Earlier this year, Meta released the Llama 3.1 405B model, which allowed developers to use outputs from Llama models to improve other models. This update was particularly beneficial for developers and AI startups in India that were building Indic LLMs. Yann LeCun, Meta’s chief AI scientist, acknowledged the past issues developers faced with Llama in terms of model creation. Speaking at Meta’s Build with AI Summit in Bengaluru, LeCun stated that the company had taken note of these concerns and addressed them with the newer version of Llama.
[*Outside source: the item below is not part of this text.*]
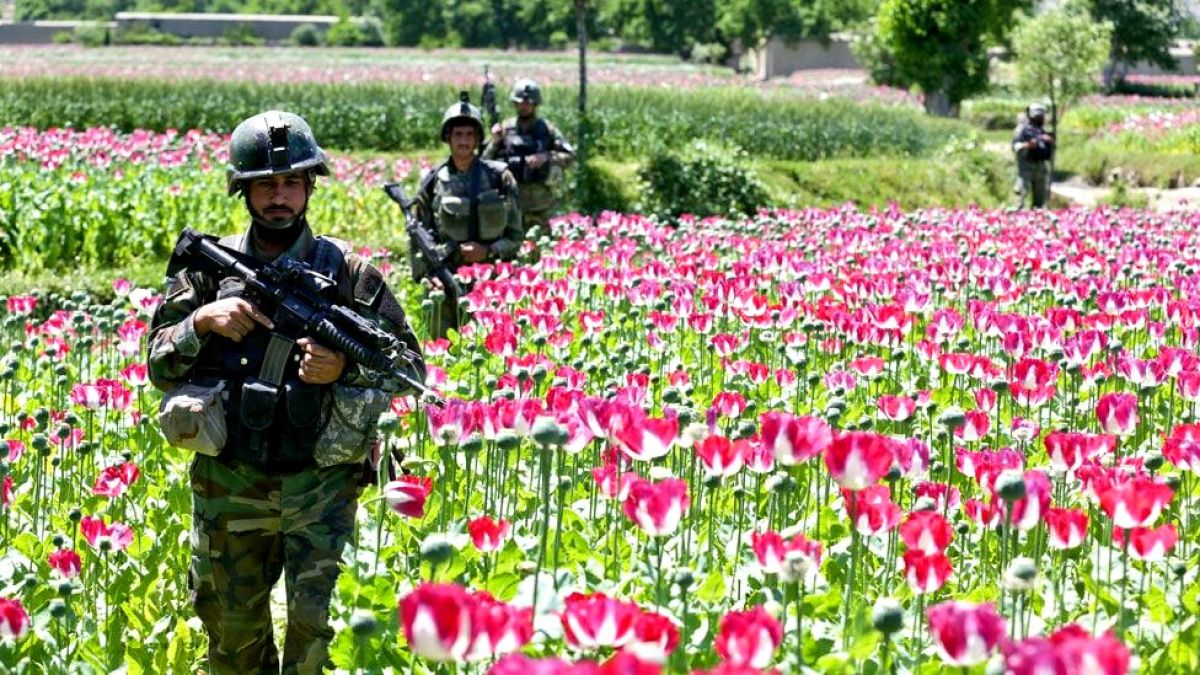 La CIA hizo de Afganistán un lugar seguro para la siembra del opio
During a fireside chat with influential Indian entrepreneur and co-founder of Infosys, Nandan Nilekani, LeCun mentioned that this development would make it easier for Indian AI startups to use LLMs and that it was not necessary for India to build LLMs from scratch. Nilekani added that India should focus on becoming the use-case capital of the world and concentrate on building small models quickly. He also stated that India could use Llama to create synthetic data, build small language models, and train them using appropriate data. Nilekani also invested in AI4Bharat, a research lab dedicated to creating open-source datasets, tools, models, and applications for Indian languages.
At Cypher 2024, Vivek Raghavan, the chief of Sarvam AI, revealed that they used Llama 3.1 405B to build Sarvam 2B, a 2 billion parameter model with 4 trillion tokens, of which 2 trillion are Indian language tokens. Sarvam 2B is part of a class of small language models (SLMs) that includes Microsoft’s Phi series, Llama 3 (8 billion), and Google’s Gemma models. Raghavan explained that this model serves as a viable alternative to using large models from OpenAI and Anthropic, while also being more efficient for specific use cases. He also mentioned that the company recently launched its latest model, Sarvam-1, which outperforms Google’s Gemma-2 and Llama 3.2 on Indic tasks. Raghavan attributed this success to the model’s secret sauce of 2 trillion tokens.
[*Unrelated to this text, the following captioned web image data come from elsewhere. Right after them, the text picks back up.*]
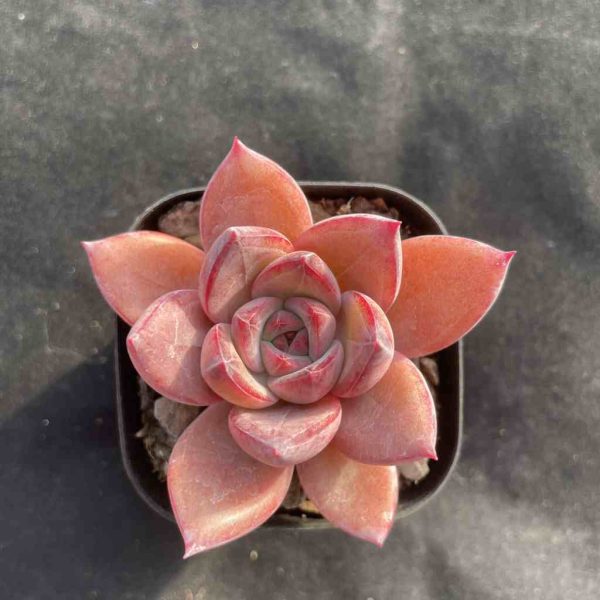 Echeveria Summer Beauti - Image 3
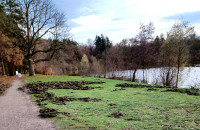 2-Liegewiese605.jpg
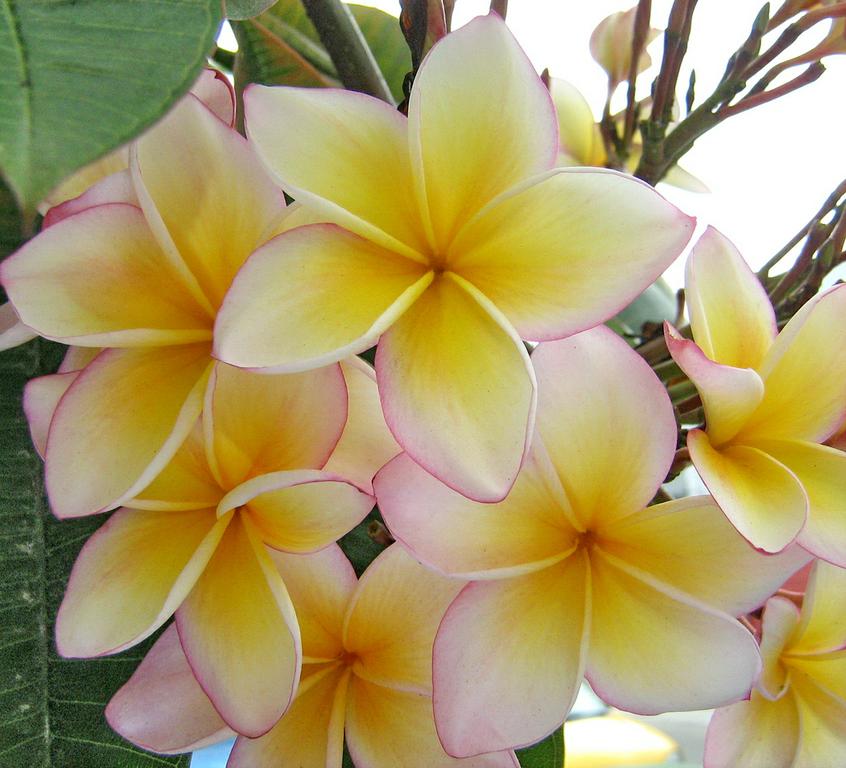 kealanis plumeria by Kealani Health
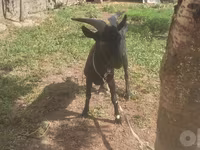 母山羊, Murcia-Granada goats — 照片 8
In conclusion, the release of Llama 3.1 405B has been a significant development for Indian AI startups, as it has allowed them to use LLMs more easily and efficiently. This has been demonstrated by the success of Sarvam AI, which has used Llama to build its models and outperform larger models from big players in the industry. With the support of influential figures like Nandan Nilekani and the availability of open-source datasets and tools, India is well on its way to becoming a leader in the use of small language models for Indian languages.